Question 2 Multiple Choice
The Kuleshov effect demonstrates that:
AEarly film technology was too primitive to capture realistic expressions, making silent film historically unreliable
BThe meaning of an image is partly determined by what it is juxtaposed with in the edit — the same shot reads differently depending on context
CSound recordings are more historically reliable than visual footage because they cannot be as easily decontextualized
DAudiences in different historical periods respond identically to the same footage regardless of viewing context
The Kuleshov effect showed that identical footage of a neutral face was read as hunger, grief, or joy by audiences depending solely on what shot preceded or followed it in the edit. This demonstrates that film meaning is not inherent in individual images but is constructed through juxtaposition. For historians, this means editing choices — not just content — must be analyzed, because the editor's sequencing decisions shape what viewers understand the footage to 'mean.'
Question 3 True / False
A documentary film about a historical event can be analyzed both as evidence about that event and as evidence about how the event was staged and represented for audiences.
TTrue
FFalse
Answer: True
This dual reading is a core principle of audio-visual historical analysis. Leni Riefenstahl's Triumph of the Will, for example, is evidence that the Nuremberg rally occurred — and simultaneously evidence about how the Nazi regime constructed its own image, what cinematic techniques it borrowed, and what it wanted posterity to see. The film as artifact is itself a historical document about representation, not just a window onto the rally.
Question 4 True / False
Audio-visual sources are more reliable than written documents because they capture sensory reality rather than a single author's textual interpretation.
TTrue
FFalse
Answer: False
Audio-visual sources embed interpretation at every stage of production: the cameraperson decides where to point the lens; the editor decides what to cut and how to sequence; the sound designer decides what ambient noise to include; the distributor decides the reception context. These are all authorial choices analogous to, and often more invisible than, the choices a writer makes. The difference is that film's constructed nature is less immediately apparent, which makes the risk of treating it as transparent especially acute.
Question 5 Short Answer
What does it mean to 'read the construction' of an audio-visual source rather than 'look through it,' and why does this distinction matter for historical analysis?

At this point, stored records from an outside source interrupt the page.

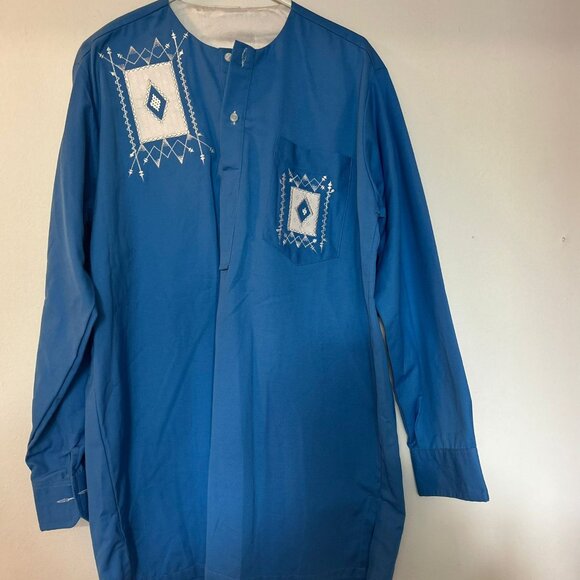 Chemise Traditionnelle en Coton Bleu avec Broderies - Picture 1 of 2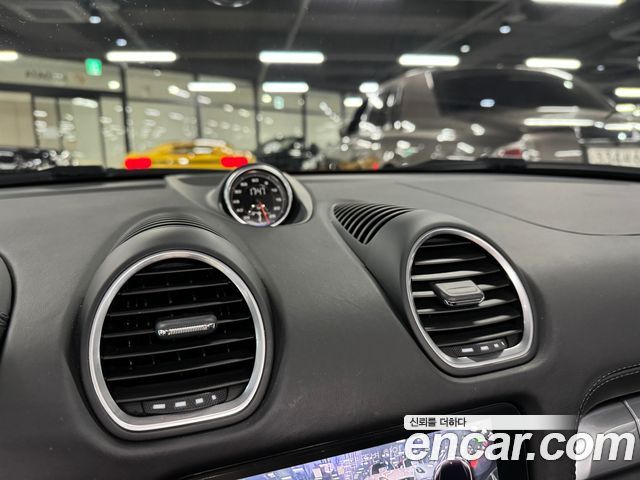Porsche 718 2019 — photo 10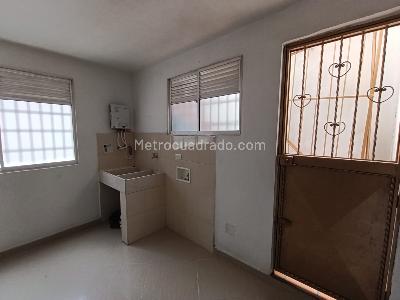 Apartamento de 3 alcobas en arriendo en Miravalle, Medellín, 95 m² · foto 3 de 20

Think about your answer, then reveal below.
Model answer: Looking through a source treats it as a transparent window onto events — assuming what is shown is simply what happened. Reading the construction treats the source as an artifact shaped by the choices embedded in its making: framing, editing, narration, music, the interviewer's presence in oral history recordings, and the viewing context in which audiences received it. This distinction matters because the same footage can serve as evidence about the event depicted and simultaneously as evidence about the representational choices of those who made it. A historian who reads the construction can extract both kinds of information; one who looks through it will miss the second layer entirely and may misread the first.
The construction is not a distortion to be subtracted — it is itself historical evidence about what people chose to show, emphasize, and remember.